Would you copy each line of the records that includes the word "White"?

* * *

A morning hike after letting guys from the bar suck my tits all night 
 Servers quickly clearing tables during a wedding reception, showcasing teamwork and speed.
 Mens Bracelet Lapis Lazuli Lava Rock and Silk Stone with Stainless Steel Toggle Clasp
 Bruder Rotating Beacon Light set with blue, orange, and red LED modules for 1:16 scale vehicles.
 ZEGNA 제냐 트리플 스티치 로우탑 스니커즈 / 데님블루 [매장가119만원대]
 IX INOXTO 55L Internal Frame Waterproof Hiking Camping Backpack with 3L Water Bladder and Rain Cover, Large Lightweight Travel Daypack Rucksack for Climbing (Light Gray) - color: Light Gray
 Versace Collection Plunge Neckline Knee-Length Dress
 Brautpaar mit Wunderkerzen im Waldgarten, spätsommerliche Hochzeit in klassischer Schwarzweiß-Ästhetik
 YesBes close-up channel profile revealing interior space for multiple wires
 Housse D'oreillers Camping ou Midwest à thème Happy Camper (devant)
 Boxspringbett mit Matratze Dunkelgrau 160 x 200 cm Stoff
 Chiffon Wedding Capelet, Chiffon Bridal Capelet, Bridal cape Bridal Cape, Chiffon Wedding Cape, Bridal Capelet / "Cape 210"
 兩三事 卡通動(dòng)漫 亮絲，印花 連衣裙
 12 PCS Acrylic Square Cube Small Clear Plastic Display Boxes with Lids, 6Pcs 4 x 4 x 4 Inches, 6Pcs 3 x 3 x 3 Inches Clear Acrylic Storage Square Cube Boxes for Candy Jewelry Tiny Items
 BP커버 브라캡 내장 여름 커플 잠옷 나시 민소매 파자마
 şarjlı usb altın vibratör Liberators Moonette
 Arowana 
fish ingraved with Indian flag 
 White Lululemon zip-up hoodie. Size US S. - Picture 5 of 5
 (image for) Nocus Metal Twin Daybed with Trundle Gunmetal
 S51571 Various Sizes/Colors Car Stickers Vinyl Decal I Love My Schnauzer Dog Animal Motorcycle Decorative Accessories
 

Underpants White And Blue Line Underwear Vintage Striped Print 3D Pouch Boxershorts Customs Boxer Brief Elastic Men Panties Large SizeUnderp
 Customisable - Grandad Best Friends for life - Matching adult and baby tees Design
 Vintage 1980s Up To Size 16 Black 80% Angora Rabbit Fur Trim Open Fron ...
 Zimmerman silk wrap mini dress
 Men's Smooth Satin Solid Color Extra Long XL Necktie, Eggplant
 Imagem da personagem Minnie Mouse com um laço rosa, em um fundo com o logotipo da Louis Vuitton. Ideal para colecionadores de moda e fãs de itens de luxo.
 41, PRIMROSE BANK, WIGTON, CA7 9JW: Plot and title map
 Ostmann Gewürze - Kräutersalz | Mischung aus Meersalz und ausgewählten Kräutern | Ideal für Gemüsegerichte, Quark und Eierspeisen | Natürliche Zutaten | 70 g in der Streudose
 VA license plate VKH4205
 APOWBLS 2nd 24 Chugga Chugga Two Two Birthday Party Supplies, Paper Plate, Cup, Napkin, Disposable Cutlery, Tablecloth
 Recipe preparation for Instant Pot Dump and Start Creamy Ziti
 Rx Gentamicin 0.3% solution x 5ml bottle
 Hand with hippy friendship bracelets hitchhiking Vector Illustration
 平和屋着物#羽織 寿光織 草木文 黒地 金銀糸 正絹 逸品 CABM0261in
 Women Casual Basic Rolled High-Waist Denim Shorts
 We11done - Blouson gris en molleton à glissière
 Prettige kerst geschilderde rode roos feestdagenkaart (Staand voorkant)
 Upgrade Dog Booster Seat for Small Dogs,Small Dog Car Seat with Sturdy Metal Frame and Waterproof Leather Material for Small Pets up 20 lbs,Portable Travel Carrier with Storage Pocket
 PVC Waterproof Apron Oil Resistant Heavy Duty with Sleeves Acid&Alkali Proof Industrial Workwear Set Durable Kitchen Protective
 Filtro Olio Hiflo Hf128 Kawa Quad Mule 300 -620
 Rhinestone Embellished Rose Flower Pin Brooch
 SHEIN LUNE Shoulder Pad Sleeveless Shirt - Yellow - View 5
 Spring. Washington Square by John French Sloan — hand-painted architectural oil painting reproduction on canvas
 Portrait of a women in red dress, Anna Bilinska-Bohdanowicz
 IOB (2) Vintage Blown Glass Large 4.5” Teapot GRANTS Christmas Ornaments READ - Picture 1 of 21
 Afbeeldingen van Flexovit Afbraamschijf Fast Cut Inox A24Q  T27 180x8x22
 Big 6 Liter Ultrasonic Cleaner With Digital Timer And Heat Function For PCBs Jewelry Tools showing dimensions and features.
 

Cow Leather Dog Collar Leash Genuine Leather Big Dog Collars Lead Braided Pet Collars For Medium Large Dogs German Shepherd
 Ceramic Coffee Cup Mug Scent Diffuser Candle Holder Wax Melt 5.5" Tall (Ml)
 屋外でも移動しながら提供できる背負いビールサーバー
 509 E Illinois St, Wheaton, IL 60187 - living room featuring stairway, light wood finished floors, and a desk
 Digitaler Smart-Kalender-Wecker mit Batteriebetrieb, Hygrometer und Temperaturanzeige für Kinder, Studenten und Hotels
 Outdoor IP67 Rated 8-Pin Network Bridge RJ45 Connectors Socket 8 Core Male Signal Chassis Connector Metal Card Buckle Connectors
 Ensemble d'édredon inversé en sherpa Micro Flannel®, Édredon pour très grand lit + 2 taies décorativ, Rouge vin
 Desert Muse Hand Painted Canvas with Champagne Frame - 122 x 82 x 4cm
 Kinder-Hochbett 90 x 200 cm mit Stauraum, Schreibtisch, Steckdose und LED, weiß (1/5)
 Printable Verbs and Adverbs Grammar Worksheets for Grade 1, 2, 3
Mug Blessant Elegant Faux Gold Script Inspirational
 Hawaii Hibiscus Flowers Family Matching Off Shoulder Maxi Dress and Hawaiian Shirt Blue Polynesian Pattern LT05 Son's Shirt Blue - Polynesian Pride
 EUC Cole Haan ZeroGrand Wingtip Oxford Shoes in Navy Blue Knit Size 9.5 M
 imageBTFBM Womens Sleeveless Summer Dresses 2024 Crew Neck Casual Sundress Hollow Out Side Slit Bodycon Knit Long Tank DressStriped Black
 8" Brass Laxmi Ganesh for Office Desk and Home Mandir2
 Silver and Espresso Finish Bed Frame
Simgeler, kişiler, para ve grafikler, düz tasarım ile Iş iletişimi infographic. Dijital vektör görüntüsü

* * *

- **Answer**:
 White Lululemon zip-up hoodie. Size US S. - Picture 5 of 5
Underpants White And Blue Line Underwear Vintage Striped Print 3D Pouch Boxershorts Customs Boxer Brief Elastic Men Panties Large SizeUnderp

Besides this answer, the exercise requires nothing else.